We see a doctor who tries to operate on a dead body: pulling out the intestines; the bladder, which squirts supposed urine at the audience; and finally the heart. A visitor is then ‘operated’ on, including being ‘trepanned’, having their ‘blood’ ‘let’, and having a hand amputated. As the blade falls on their hand, the lights go out, and air jets and water are aimed at the audience.

Traitor: Boat Ride to Hell

After being sentenced to death by the courtroom judge visitors are taken to an execution dock. The show is a boat ride, themed to replicate the last journey through Traitors’ Gate into the Tower of London. The ride is in almost total darkness, including the ascent the boat makes once it has gone beyond Traitors’ Gate. Riders rotate 90 degrees and are shot downhill into the dark sewers below. This ride incorporates sudden loud noises.

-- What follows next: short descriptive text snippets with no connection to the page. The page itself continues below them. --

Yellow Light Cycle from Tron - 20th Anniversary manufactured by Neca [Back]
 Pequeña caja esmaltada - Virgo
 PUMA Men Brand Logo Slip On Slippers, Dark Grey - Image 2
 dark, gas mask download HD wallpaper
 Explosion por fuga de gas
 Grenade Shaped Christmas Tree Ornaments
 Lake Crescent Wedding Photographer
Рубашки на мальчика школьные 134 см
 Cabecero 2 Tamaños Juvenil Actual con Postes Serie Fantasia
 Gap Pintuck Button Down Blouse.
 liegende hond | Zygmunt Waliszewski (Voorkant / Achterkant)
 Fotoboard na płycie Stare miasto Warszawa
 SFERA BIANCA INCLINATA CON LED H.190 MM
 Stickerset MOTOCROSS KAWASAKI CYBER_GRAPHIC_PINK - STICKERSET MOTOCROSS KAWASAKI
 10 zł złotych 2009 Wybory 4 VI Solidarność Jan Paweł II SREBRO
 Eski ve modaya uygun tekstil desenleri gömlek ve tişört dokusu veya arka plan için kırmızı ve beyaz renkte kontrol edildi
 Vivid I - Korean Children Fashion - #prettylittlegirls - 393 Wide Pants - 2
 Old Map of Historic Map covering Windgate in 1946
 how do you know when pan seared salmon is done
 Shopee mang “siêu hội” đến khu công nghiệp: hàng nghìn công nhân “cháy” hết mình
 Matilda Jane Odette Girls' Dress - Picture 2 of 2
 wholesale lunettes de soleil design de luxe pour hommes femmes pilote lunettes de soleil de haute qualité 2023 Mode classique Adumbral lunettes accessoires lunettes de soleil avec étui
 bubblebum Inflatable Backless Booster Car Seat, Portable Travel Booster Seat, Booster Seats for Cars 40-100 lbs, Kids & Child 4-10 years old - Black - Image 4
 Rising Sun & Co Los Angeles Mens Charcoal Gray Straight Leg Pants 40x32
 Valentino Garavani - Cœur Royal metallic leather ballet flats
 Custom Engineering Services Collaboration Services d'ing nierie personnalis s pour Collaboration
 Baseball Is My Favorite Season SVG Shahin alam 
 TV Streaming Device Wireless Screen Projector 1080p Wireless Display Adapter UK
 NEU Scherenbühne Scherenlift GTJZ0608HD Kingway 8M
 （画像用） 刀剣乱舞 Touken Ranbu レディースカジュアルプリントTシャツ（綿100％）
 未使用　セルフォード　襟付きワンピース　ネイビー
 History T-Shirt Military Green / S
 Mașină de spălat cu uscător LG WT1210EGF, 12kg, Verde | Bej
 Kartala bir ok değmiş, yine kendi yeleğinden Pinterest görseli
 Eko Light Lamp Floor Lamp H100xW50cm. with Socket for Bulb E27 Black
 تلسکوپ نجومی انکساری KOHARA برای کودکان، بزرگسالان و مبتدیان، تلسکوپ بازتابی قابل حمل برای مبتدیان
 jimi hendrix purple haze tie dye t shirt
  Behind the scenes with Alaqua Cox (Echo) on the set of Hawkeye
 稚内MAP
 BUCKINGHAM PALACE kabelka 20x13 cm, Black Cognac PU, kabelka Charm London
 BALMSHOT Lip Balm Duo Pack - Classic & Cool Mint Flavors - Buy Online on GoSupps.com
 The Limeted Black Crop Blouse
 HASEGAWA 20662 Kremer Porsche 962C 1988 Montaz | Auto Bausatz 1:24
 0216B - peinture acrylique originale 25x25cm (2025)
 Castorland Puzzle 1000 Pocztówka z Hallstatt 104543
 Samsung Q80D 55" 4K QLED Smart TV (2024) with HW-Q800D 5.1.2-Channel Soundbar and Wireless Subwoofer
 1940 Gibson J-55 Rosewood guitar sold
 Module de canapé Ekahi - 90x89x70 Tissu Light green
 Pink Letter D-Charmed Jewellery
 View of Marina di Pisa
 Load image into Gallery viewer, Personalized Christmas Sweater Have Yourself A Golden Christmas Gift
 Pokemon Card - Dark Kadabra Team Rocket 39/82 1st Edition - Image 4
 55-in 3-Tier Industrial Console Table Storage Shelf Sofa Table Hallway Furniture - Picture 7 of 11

Bloody Mary: Killer Queen (New for 2010)

Bloody Mary: Killer Queen opened during the February half-term period. After a short introduction to the story of Mary Tudor, also known as Bloody Mary, a visitor is sentenced to death by burning for heresy. Light, sound and smoke effects conceal the visitor who is replaced by a model of someone burnt to death, complete with dropping eyeball.

Great Fire of London

This exhibit is set in the year 1666, when much of London burnt to the ground in the relentless Great Fire of London that started down in Pudding Lane, from the Royal bakery. Visitors are shown a short educational film, in a set representation of the bakery.

Jack the Ripper

Set in Victorian London, an actor talks about the first three murders before leading visitors to a room where a short film mentions the next two. A third room then shows an autopsy, and various possible identities for the identity of ‘Jack’ are mentioned. As it is suggested that whoever it is, he is in Hell, a gas jet shoots out, warming the faces of visitors. Visitors are then led to a scene of a pub, ten years after the last murder. At the end of a talk, ‘Jack’ suddenly appears with a knife.

Sweeney Todd

After walking past Mrs. Lovett’s pie shop, and being greeted by Mrs. Lovett herself, they enter Sweeney Todd’s barber shop which is filled with seats. At the front is a chair with a covered up bloody model supposedly from having his throat cut. Visitors are seated in animatronic barbers’ chairs, and special effects are used to try to make them feel as if Sweeney Todd were right behind them, giving them a very close shave. Afterwards the chair is pulled back, as if falling into a cellar (which is what Sweeney would do with his victims). This attraction incorporates the same binaural audio technology that Walt Disney World’s Alien Encounter used. Sweeney Todd was supposedly a barber that was around in the mid 18th century. He of sometimes is known as "The Demon Barber Of Fleet Street", and slit the throats of his customers with his razors, supposedly giving the carcasses to Mrs. Lovett to be baked into large pies. Despite the Dungeons’ claim to base their exhibits on historical fact, it is almost certain that Sweeney Todd never existed.